The presenters for the final session of the day were unable to attend the conference; thankfully, however, we didn’t miss out on hearing about the research conducted by two of the participants. Dr. Nicoletta Usai (University of Cagliari) submitted a pre-recorded video of her presentation, “The Rich and the Poor: Devotional Icons and Echoes of Giotto in Sardinia in the Late Middle Ages.” Her study examined a fresco cycle recently uncovered in a Sardinian church, and she argued that the iconography and style of the paintings were modelled on Giotto’s works for the Arena Chapel in Padua. Next, Lorenza Gay (The Warburg Institute) read a paper by Dr. Charlene Vella (University of Malta), whose research focused on “The Native Art of the Maltese Islands in the Late Medieval and Renaissance Periods.” Dr. Vella’s paper provided an informative survey of the sculpture, architecture, and paintings produced by the non-elite inhabitants of Malta, focusing on the ways in which such works reacted or related to the artistic commissions of the ruling classes. Following Dr. Vella’s paper, the first day of the conference wrapped up with a lively group discussion about the evident problems that occur when art historians attempt to make judgments concerning the artistic “quality” of works produced for the humbler social groups.
The second day addressed a wide variety of objects that people interacted with on a daily basis. Anne-Kristine Sindvald-Larsen (Aalto University) kicked things off with an introduction to her dissertation, which studies how dress, textiles, and accessories spread throughout the artisan orders of Denmark in the early modern period. Her paper, “Dressing the Poor: Artisans and Fashion in Sixteenth and Seventeenth-Century Scandinavia,” outlined the various sources available for the study of dress and also described her plans to use technology to reconstruct surviving artifacts. Sindvald-Larsen’s research is part of a larger initiative funded by the European Research Council. The project entitled Re-fashioning the Renaissance: Popular Groups, Fashion and the Material and Cultural Significance of Clothing in Europe, 1550-1650 is being overseen by Dr. Paula Hohti (Aalto University), the next presenter, who spoke on “The Art of Artisan Fashions: Moroni’s Tailor and the Changing Culture of Clothing in Sixteenth-Century Italy.” Her analysis of Giovanbattista Moroni’s The Tailor pushed against the scholarly assumption that tailors and other artisans dressed in functional rather than stylish clothing. Instead, her research revealed how artisans used fashion to contest social boundaries, since they frequently disobeyed sumptuary laws that forbade them to wear clothing deemed inappropriate for their social status.

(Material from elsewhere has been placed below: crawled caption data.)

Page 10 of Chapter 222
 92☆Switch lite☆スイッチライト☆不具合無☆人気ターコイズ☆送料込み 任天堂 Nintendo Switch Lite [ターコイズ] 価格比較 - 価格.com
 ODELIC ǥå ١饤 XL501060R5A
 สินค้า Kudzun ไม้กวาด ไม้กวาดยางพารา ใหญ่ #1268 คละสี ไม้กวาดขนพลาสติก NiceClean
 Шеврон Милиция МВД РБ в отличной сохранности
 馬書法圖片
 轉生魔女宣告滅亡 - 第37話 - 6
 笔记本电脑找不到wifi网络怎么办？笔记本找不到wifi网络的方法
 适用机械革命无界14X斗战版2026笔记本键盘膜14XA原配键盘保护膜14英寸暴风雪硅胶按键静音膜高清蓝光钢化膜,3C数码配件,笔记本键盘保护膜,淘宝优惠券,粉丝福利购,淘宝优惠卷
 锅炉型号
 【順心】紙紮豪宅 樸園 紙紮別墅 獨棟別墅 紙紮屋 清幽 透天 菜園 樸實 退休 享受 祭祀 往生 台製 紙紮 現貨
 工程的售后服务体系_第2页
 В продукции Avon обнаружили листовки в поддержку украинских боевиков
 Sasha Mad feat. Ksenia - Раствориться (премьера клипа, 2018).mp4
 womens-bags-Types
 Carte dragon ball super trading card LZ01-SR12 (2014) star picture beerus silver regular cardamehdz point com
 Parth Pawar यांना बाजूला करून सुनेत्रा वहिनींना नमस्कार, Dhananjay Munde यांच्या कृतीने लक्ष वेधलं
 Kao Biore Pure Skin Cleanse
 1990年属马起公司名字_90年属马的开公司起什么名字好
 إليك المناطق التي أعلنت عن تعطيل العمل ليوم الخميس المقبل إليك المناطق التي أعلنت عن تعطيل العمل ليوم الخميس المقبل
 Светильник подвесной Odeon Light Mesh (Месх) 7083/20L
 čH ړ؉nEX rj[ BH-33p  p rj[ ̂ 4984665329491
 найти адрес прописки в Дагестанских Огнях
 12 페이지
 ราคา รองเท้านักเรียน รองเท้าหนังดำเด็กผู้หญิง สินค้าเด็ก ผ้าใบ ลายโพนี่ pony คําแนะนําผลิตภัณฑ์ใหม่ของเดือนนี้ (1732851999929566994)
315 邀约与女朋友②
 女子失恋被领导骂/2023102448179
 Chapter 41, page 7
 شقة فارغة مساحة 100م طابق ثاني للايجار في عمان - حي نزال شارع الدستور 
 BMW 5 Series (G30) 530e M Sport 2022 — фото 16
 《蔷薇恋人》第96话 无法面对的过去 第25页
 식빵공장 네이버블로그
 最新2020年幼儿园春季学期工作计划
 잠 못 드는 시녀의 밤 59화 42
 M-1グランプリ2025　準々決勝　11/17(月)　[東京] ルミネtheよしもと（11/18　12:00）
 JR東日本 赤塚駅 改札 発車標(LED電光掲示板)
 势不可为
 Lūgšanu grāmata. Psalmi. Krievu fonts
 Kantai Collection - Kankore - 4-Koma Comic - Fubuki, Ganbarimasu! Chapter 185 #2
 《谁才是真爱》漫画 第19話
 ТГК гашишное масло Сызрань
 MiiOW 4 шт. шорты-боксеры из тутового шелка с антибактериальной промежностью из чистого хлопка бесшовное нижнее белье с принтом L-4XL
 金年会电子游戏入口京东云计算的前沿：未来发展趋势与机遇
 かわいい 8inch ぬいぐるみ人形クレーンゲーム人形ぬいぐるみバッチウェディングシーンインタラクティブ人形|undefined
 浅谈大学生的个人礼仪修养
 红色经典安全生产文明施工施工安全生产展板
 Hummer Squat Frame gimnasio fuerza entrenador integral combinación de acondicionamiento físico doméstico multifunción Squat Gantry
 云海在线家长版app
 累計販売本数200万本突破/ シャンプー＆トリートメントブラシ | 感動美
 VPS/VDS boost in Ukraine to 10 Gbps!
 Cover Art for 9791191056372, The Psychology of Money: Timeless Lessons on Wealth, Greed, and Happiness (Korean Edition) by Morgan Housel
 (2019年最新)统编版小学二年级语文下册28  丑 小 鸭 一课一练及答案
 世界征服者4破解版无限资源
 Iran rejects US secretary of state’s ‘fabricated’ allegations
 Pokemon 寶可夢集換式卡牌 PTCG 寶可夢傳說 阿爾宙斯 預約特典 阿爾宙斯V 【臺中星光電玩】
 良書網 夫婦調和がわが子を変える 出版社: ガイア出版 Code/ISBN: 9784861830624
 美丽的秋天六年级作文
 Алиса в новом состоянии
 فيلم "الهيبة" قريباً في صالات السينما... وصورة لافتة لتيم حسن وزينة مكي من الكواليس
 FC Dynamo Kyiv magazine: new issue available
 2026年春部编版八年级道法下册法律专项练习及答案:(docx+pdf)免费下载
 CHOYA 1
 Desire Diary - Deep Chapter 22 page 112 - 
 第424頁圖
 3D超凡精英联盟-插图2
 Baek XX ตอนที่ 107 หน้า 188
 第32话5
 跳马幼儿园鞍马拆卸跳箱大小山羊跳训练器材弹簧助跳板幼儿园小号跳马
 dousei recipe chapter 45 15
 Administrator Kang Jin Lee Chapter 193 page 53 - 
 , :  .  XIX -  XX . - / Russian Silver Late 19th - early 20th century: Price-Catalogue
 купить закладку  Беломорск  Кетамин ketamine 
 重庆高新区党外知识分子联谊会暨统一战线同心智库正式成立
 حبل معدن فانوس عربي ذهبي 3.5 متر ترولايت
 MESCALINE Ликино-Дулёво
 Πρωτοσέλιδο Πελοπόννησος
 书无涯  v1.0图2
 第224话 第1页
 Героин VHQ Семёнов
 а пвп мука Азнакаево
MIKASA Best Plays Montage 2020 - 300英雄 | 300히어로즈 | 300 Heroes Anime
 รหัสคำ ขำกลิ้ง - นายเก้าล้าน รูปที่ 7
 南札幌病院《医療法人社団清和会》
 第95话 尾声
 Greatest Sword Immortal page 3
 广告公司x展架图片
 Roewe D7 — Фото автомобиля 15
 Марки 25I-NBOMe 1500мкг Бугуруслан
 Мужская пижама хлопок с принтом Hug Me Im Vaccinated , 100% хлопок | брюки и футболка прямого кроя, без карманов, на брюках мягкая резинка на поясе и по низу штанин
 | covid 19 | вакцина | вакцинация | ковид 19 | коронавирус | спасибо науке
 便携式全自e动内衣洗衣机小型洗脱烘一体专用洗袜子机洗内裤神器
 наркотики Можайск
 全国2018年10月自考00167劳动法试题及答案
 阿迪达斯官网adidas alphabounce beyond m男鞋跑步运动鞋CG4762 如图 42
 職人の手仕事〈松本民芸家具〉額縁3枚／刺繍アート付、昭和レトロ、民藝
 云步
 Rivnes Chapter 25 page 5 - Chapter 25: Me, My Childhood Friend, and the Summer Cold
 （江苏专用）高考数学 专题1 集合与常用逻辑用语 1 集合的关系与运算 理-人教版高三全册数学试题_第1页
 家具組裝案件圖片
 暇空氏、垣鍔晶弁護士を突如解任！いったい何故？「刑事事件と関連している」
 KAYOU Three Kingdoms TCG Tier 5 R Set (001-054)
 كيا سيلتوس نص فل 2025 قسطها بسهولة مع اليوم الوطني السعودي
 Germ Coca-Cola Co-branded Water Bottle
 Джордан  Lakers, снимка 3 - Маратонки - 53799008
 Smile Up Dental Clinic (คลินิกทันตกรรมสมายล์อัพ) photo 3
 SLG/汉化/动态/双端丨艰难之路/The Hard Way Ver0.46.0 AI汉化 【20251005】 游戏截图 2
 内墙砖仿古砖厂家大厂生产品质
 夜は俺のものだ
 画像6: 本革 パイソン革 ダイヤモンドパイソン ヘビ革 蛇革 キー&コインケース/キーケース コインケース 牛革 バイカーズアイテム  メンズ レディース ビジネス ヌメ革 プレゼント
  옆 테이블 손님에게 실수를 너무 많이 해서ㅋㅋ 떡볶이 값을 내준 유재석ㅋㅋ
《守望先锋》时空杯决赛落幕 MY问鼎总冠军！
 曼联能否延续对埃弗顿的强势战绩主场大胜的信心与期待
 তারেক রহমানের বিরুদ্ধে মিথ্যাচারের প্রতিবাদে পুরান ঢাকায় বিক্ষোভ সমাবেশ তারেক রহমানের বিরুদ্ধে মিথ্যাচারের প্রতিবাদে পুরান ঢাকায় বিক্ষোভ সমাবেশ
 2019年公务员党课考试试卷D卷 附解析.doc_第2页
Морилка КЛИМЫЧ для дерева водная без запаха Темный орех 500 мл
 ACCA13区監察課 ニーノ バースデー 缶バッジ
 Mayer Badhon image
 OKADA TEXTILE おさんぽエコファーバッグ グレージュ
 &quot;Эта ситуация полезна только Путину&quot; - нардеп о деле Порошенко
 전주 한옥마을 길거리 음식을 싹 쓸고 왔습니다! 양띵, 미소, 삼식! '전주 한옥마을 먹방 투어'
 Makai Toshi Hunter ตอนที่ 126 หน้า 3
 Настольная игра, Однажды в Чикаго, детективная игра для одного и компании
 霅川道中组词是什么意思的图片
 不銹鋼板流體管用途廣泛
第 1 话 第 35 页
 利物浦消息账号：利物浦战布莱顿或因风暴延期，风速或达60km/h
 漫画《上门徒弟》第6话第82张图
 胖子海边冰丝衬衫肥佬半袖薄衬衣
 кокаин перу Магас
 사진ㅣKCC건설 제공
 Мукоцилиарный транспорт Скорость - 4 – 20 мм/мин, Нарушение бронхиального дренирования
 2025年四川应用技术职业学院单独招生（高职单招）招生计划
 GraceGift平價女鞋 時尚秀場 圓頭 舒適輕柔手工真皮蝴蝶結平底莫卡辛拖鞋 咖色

The second session of the morning commenced with a paper by Jacqui Pearce (Museum of London). Her presentation, “An Art for Everyman: The Aspirations of the Medieval Potter,” examined pots made for the poor and strove to view the works through the eyes of their owners, rightly treating them as aesthetically interesting objects, several of which were playful and fanciful in nature. Dr. Clarisse Evrard (University of Lille 3, École du Louvre) continued the discussion on pottery, specifically majolica, which is traditionally considered a type of object primarily enjoyed by the intellectual elite. Her paper entitled “Italian Tin-Glazed Earthenware: Silverware for Poor People?” introduced compelling evidence to suggest that certain examples of majolica could also be afforded by people with more modest financial means. Finally, we heard from Dr. Roger Blench (University of Cambridge), whose research on “Elite and Popular Musical Instruments in Iconography and Archaeology in the Medieval and Renaissance Period in Europe” aims to create a “popular instrumentarium,” since few representations of popular instruments can be found in late medieval and Renaissance art. His paper suggested several sources from which scholars can ascertain information regarding popular instruments; such sources include the paintings of Swedish artist Albertus Pictor, recent archaeological finds, and folk traditions that still survive today.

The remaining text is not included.